=== Section Start ===

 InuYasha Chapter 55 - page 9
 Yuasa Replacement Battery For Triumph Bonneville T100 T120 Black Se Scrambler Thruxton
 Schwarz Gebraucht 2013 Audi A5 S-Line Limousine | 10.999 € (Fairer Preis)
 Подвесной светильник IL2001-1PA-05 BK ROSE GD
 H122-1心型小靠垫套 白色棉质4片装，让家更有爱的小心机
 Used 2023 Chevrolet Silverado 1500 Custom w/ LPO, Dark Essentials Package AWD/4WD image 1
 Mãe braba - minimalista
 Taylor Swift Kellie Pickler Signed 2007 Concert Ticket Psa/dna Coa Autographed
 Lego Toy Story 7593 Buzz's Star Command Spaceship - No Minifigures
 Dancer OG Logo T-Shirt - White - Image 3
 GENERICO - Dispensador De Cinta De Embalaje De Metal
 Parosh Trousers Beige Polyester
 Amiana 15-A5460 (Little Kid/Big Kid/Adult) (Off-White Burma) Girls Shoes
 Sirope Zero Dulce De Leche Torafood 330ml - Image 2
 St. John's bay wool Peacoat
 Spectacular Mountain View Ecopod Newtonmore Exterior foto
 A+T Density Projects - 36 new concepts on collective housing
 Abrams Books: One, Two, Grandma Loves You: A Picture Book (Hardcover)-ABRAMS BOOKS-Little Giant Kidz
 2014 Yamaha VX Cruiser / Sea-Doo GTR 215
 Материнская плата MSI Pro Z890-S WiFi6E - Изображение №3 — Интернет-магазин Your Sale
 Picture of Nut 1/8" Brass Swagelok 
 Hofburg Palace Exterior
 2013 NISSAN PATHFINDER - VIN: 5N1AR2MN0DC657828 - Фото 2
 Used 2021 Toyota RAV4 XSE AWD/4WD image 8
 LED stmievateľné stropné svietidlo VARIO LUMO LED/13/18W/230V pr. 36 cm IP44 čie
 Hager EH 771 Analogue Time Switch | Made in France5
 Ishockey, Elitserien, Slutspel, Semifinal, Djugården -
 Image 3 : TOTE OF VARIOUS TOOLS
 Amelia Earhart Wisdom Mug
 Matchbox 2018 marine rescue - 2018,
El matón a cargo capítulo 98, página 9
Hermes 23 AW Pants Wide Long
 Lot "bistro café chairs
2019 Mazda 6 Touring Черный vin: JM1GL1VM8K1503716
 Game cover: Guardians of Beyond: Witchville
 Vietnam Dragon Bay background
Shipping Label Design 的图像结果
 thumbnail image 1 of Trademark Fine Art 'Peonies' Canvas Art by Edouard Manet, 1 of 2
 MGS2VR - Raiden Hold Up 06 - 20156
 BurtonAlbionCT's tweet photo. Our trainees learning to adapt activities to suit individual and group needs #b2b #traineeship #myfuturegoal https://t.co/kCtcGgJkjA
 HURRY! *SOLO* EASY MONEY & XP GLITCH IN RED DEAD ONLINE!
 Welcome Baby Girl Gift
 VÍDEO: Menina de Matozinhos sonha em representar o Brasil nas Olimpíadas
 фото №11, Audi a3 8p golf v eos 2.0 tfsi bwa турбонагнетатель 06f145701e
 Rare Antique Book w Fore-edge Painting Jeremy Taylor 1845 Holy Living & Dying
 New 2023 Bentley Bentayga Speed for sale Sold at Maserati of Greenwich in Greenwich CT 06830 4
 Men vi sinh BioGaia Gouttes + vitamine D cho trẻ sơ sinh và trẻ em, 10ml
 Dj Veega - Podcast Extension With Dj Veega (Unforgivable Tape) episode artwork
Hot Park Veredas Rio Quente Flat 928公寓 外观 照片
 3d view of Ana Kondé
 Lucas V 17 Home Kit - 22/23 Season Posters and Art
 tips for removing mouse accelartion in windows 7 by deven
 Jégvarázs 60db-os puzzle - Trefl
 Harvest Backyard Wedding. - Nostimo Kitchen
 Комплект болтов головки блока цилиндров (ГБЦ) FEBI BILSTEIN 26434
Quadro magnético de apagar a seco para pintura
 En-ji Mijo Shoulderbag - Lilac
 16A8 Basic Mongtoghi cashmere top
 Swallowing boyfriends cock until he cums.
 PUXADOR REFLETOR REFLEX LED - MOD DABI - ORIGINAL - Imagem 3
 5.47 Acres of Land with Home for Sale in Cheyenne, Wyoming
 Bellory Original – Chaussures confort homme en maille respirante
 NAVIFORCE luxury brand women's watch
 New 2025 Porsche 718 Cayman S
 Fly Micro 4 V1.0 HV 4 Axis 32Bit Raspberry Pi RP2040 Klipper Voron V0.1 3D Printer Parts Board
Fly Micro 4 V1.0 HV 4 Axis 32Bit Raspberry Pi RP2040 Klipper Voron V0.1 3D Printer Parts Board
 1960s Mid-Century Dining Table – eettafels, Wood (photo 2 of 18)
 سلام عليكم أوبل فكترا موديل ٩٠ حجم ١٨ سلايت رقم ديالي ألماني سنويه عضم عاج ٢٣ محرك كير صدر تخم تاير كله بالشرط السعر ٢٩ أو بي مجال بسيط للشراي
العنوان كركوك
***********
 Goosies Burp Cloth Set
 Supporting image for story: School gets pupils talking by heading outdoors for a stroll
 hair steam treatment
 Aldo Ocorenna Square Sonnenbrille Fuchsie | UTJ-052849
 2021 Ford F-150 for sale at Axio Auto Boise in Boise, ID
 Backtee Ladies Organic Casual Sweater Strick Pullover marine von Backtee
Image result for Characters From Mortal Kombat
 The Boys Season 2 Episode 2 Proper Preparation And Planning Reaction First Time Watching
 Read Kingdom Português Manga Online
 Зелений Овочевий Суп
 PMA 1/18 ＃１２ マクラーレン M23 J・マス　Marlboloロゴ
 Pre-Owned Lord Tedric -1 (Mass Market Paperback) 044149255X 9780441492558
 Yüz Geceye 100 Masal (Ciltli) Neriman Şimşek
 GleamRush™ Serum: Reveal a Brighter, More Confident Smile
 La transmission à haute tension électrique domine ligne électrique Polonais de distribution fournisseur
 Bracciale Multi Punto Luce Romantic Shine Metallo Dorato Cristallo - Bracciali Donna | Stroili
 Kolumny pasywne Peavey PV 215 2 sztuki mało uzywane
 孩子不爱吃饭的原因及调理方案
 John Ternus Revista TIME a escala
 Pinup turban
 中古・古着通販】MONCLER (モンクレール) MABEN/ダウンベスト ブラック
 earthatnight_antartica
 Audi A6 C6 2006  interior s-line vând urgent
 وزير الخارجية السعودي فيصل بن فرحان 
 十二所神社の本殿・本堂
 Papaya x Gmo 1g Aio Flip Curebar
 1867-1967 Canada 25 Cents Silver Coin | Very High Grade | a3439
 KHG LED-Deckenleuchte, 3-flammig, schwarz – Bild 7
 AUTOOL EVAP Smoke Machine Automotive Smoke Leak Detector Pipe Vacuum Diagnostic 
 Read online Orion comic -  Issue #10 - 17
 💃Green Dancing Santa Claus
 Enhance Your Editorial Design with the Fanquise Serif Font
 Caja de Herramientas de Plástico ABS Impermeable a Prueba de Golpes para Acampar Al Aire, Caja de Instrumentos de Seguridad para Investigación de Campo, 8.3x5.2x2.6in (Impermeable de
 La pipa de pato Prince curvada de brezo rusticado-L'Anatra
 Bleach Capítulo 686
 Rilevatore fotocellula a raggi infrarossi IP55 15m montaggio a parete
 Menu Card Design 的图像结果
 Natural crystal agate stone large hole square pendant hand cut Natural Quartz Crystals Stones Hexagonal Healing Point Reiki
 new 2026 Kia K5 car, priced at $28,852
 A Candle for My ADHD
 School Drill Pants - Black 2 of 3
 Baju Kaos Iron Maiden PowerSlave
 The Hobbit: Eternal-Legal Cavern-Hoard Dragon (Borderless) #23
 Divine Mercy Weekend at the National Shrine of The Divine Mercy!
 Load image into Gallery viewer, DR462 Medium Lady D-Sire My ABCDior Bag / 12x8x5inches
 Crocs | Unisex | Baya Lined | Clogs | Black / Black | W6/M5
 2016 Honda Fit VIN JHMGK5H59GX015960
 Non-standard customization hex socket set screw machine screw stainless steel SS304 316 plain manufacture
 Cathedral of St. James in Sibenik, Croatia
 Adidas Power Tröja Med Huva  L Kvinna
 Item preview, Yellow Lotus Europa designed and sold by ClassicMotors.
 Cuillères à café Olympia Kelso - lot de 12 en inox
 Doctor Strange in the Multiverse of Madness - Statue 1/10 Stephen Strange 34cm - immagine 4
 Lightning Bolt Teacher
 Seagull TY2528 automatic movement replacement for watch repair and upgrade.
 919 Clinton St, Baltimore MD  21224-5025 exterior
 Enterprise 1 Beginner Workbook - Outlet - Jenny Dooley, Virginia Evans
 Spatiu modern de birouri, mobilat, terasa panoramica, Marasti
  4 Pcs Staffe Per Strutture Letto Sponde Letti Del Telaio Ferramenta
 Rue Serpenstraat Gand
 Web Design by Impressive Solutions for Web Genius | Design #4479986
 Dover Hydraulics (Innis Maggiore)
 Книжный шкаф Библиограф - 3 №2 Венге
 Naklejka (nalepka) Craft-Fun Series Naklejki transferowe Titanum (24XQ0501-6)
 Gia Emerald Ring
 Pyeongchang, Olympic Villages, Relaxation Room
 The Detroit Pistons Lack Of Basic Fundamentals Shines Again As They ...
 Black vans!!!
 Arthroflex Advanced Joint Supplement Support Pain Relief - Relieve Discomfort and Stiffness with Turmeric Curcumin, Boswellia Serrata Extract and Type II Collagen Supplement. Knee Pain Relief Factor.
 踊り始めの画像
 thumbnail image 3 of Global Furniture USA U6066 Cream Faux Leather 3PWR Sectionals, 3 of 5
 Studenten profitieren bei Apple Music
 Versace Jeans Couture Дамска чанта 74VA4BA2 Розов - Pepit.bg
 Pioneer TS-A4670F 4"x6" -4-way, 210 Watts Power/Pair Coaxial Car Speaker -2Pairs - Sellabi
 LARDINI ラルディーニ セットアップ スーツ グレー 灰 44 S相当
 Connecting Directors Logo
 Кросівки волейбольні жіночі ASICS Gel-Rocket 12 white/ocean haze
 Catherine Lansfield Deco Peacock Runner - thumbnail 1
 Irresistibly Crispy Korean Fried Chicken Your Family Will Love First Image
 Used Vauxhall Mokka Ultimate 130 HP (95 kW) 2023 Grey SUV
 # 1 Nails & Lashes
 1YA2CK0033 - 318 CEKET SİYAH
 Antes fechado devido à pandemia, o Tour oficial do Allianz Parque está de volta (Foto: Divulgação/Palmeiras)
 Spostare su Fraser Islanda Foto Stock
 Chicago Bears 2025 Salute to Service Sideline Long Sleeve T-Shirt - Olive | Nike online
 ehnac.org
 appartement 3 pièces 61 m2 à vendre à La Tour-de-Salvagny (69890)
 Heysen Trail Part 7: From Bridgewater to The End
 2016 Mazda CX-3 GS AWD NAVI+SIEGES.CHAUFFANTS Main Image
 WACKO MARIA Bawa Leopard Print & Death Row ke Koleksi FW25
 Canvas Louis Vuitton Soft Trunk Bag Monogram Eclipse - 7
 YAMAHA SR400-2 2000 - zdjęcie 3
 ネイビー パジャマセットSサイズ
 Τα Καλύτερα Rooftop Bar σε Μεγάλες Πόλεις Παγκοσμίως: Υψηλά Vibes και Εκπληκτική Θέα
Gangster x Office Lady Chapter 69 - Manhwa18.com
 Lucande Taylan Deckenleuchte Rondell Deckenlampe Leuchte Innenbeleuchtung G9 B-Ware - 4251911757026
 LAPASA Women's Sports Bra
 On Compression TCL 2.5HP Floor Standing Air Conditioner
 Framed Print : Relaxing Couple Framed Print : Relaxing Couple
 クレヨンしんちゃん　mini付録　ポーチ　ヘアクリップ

=== Section End ===

[What you need to do] Everything from the line with "Caja de Herramientas" through the line with "Bleach Capítulo 686" in the listing above must be retyped exactly, with nothing added.

[Solution to the exercise]
 Caja de Herramientas de Plástico ABS Impermeable a Prueba de Golpes para Acampar Al Aire, Caja de Instrumentos de Seguridad para Investigación de Campo, 8.3x5.2x2.6in (Impermeable de
 La pipa de pato Prince curvada de brezo rusticado-L'Anatra
 Bleach Capítulo 686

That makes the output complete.